If nothing else, the last two years has taught affluent investors and financial professionals that change is often unexpected, swift and brutal. But despite taking severe double-digit losses on their portfolios, affluent investors surveyed recently by HSBC still largely have the same portfolio allocations they did at the onset of the financial crisis in 2008.

In February and March, HSBC surveyed 2,044 affluent respondents in 11 major cities around the world. Americans suffered the worst losses, with 56% of those respondents saying the value of their portfolios had decreased. They did worse than the well off in Paris, 55% of whom said they lost money; Toronto (46%), London (45%) and Sydney (37%).

Yet in January 2010, affluent investors around the globe said mutual funds accounted for 25% of their portfolios, individual stocks took 17%, cash products stood at 16%, retirement products edged up to 14% and real estate investments were unchanged, at 10%. Compared with 2008, those standings were largely the same. Mutual funds accounted for 27% of their allocations, individual stocks 20%; cash or money market funds 14%; retirement products 13%; and real estate investments 10%.

“No one had touched their portfolios since the end of 2008,” said Neil Brazil, vice president of public affairs for HSBC. “This is a chance for advisors to speak to their clients, and get them to take an active role in managing their portfolios.”

And while investors are shaking things up, perhaps they could add some creativity to their new holdings, too, especially those in North America. American and Canadian respondents had the heaviest weightings in mutual funds with 32% and 37%, respectively. But affluent investors in other cities had more diversification in their holdings. In Hong Kong, 28% of investors said they had put their money in individual stocks, and 6% said they had money in collectibles like art, fine wine and coins.
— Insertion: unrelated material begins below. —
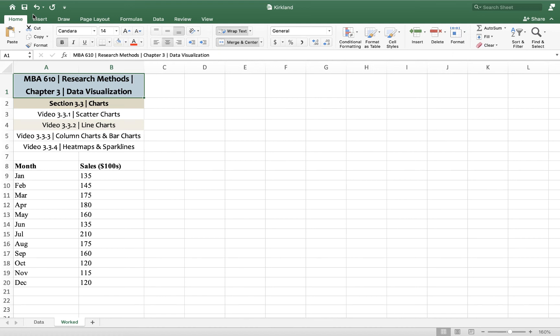Hey, welcome back. It's Jamie, ready to work on making a line chart. This is another one of our data visualization lectures for our MBA Research Methods class. In this video, I'm just going to show you how to make a line chart.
In Sydney, 26% of affluent respondents said they had their money in real estate; while 19% of Parisian respondents said they bought whole life insurance.

“If Americans look at what others around the world are doing,” Brazil said, “maybe they could take a broader view and look at other asset classes.” 

Interestingly, HSBC’s survey found that only 35% of respondents cited the economy in general as the biggest issue facing the world, following 38% who cited climate change and environmental issues. But since the survey was done, a fiscal crisis has engulfed Greece, menaced the Eurozone, and there are growing fears that it could pose problems for other European economies.

“The world is always changing and I would expect that opinions would also shift accordingly,” Brazil said.